- Required action:
Before you return the lines below, strip out any images and keep every word as written.

- Given information:

-=-=-=-=-

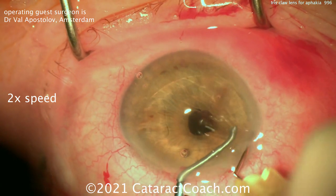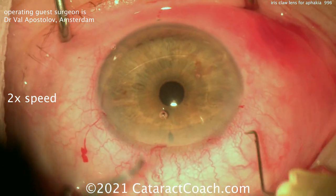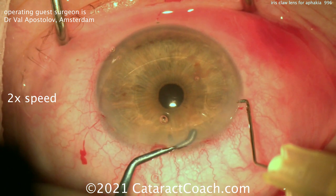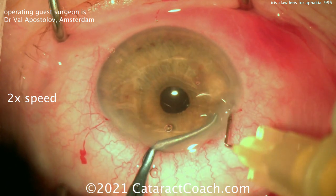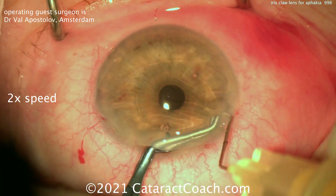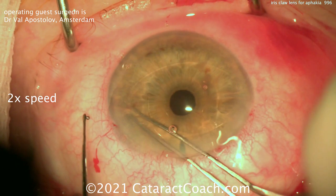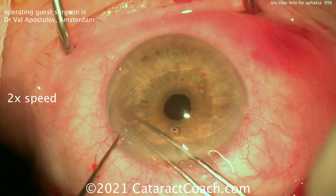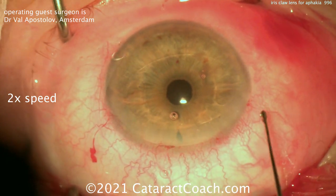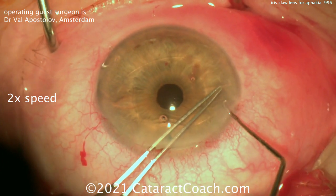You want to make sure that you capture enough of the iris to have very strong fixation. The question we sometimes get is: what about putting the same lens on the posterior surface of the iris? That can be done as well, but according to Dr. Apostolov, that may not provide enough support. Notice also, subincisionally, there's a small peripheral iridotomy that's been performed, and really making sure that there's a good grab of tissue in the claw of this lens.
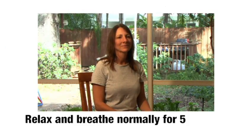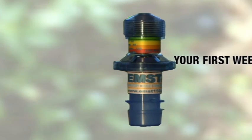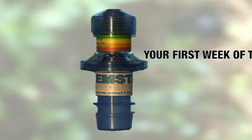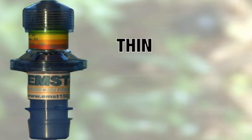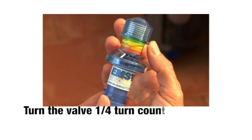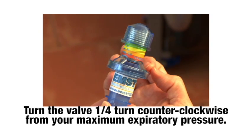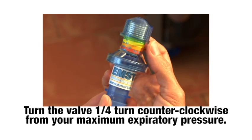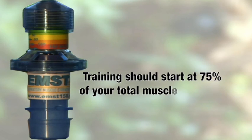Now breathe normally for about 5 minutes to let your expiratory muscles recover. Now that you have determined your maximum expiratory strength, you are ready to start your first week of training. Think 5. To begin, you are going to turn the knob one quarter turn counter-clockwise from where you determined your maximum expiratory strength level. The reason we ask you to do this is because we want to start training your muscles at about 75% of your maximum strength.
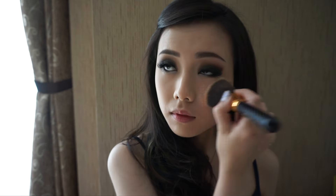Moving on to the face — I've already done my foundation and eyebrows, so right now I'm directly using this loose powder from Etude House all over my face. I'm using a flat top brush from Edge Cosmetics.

-=-=-=-=-

- Task response:
You want to make sure that you capture enough of the iris to have very strong fixation. The question we sometimes get is: what about putting the same lens on the posterior surface of the iris? That can be done as well, but according to Dr. Apostolov, that may not provide enough support. Notice also, subincisionally, there's a small peripheral iridotomy that's been performed, and really making sure that there's a good grab of tissue in the claw of this lens.
Now breathe normally for about 5 minutes to let your expiratory muscles recover. Now that you have determined your maximum expiratory strength, you are ready to start your first week of training. Think 5. To begin, you are going to turn the knob one quarter turn counter-clockwise from where you determined your maximum expiratory strength level. The reason we ask you to do this is because we want to start training your muscles at about 75% of your maximum strength.
Moving on to the face — I've already done my foundation and eyebrows, so right now I'm directly using this loose powder from Etude House all over my face. I'm using a flat top brush from Edge Cosmetics.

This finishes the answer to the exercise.